Egypt to Host Int'l Meeting on Stolen Artifacts
Sat 09 Sep 2023 | 07:53 PM - By Ahmad El-Assasy
Egypt has announced plans to convene an international meeting for countries affected by the smuggling of antiquities during the age of imperialism. The move comes in the wake of the revelation that over 2,000 artifacts were stolen from the British Museum, which has raised concerns about the credibility of several Western museums.
Zahi Hawass, former Egyptian Minister of Antiquities and a renowned archaeologist, has proposed the meeting and discussed it with the current Minister of Antiquities, who expressed readiness to take action. Hawass suggested that the meeting should outline a course of action and seek intervention from UNESCO, highlighting the failure of many Western nations to adhere to international agreements that prohibit the acquisition of looted antiquities.
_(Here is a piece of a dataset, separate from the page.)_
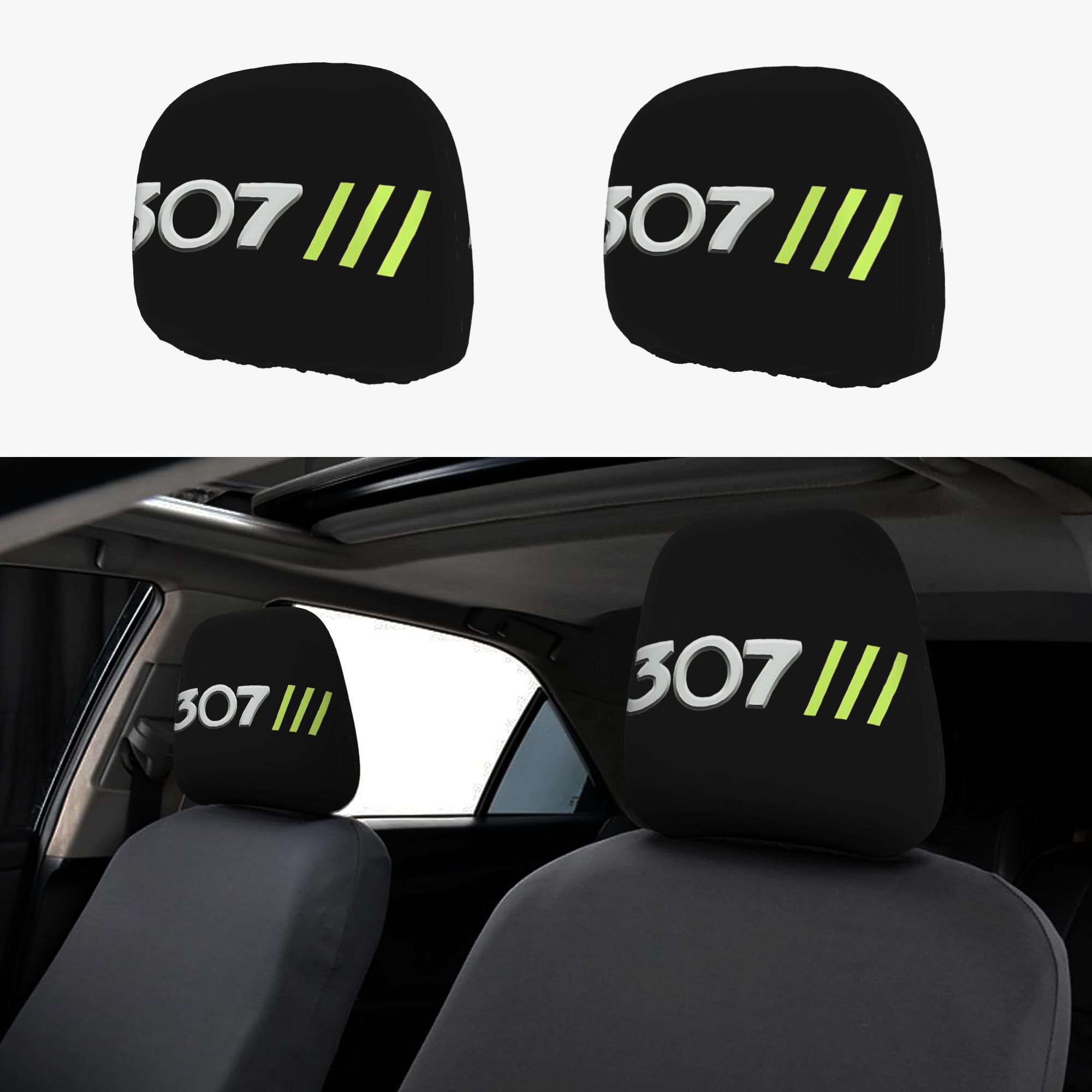 TEMU Lot de 2 housses d'appui-tête de voiture avec imprimé lettre 307, protections, ajustement confortable universel pour les et les quotidiens,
Hawass specifically drew attention to the British Museum and the Louvre, calling for the return of unlawfully acquired Egyptian artifacts. He criticized the British Museum's handling of such antiquities as a "crime against humanity" and stated that these venues are no longer suitable for exhibiting Egyptian relics.
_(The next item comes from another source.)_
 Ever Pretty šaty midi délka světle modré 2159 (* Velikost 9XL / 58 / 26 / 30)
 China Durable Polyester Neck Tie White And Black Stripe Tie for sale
To rally support, Hawass initiated an online petition demanding the return of two renowned artworks—the Rosetta Stone from the British Museum and the Dendera Zodiac currently displayed in the Louvre—to Egypt. Once the petition reaches a million signatures, he intends to submit an official repatriation request to the museums. The retrieved artifacts will be showcased in the Grand Egyptian Museum, scheduled to open between October 2023 and February 2024 in Giza.
The issue of repatriating stolen artifacts remains a matter of divided debate. Luca Belloni, director of the Sconesi Gallery in Dubai, acknowledged that the topic is complex and controversial. He argued that Western museums possess superior resources for maintaining and sharing global culture and arts, as well as effectively preserving and studying ancient artworks.
However, many experts, including Hawass, emphasize the importance of repatriating stolen artifacts as both a process of decolonization and historical redress. They view such actions as acts of justice toward the affected countries and a means to reaffirm their cultural legacies. The argument for repatriation is grounded in principles of historical justice and compensation for the harm caused to indigenous societies through colonization and plunder. These artifacts often hold significant cultural value for the countries of origin.